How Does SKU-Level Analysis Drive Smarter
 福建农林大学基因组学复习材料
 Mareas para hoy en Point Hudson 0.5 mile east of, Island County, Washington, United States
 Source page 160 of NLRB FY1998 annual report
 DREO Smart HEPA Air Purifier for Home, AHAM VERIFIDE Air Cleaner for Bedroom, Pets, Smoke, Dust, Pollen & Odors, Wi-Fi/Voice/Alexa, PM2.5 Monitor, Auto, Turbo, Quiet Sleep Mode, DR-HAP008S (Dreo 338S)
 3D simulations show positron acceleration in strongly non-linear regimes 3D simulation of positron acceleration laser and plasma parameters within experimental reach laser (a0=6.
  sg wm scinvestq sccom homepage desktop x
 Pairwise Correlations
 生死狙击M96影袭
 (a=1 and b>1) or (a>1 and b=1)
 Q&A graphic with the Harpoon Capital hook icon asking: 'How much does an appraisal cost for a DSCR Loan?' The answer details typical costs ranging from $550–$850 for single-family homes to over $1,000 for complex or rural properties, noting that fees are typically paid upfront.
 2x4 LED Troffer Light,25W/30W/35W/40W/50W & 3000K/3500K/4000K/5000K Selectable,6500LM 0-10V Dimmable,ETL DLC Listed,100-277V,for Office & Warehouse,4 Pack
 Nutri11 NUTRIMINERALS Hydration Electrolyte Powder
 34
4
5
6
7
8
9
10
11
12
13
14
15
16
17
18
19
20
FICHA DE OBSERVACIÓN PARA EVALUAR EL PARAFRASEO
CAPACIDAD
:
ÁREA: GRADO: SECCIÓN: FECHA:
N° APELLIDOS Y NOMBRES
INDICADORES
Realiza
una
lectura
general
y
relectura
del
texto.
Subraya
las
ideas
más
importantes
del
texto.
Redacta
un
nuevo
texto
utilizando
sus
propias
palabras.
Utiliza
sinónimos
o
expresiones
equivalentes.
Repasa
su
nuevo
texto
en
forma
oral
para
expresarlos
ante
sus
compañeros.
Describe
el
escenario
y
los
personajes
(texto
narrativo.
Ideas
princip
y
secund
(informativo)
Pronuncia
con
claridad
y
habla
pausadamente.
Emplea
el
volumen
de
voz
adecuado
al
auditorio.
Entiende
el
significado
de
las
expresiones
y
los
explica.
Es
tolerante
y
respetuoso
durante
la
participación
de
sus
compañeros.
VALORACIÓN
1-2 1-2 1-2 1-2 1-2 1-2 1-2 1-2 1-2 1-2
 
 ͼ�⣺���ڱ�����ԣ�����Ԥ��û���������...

—————

* AIM OF THE EXERCISE: Exactly the lines from the one containing "Pairwise Correlations" through the last line of the records are to be transcribed, both endpoints included.

* OUTPUT OF THE EXERCISE:
 Pairwise Correlations
 生死狙击M96影袭
 (a=1 and b>1) or (a>1 and b=1)
 Q&A graphic with the Harpoon Capital hook icon asking: 'How much does an appraisal cost for a DSCR Loan?' The answer details typical costs ranging from $550–$850 for single-family homes to over $1,000 for complex or rural properties, noting that fees are typically paid upfront.
 2x4 LED Troffer Light,25W/30W/35W/40W/50W & 3000K/3500K/4000K/5000K Selectable,6500LM 0-10V Dimmable,ETL DLC Listed,100-277V,for Office & Warehouse,4 Pack
 Nutri11 NUTRIMINERALS Hydration Electrolyte Powder
 34
4
5
6
7
8
9
10
11
12
13
14
15
16
17
18
19
20
FICHA DE OBSERVACIÓN PARA EVALUAR EL PARAFRASEO
CAPACIDAD
:
ÁREA: GRADO: SECCIÓN: FECHA:
N° APELLIDOS Y NOMBRES
INDICADORES
Realiza
una
lectura
general
y
relectura
del
texto.
Subraya
las
ideas
más
importantes
del
texto.
Redacta
un
nuevo
texto
utilizando
sus
propias
palabras.
Utiliza
sinónimos
o
expresiones
equivalentes.
Repasa
su
nuevo
texto
en
forma
oral
para
expresarlos
ante
sus
compañeros.
Describe
el
escenario
y
los
personajes
(texto
narrativo.
Ideas
princip
y
secund
(informativo)
Pronuncia
con
claridad
y
habla
pausadamente.
Emplea
el
volumen
de
voz
adecuado
al
auditorio.
Entiende
el
significado
de
las
expresiones
y
los
explica.
Es
tolerante
y
respetuoso
durante
la
participación
de
sus
compañeros.
VALORACIÓN
1-2 1-2 1-2 1-2 1-2 1-2 1-2 1-2 1-2 1-2
 
 ͼ�⣺���ڱ�����ԣ�����Ԥ��û���������...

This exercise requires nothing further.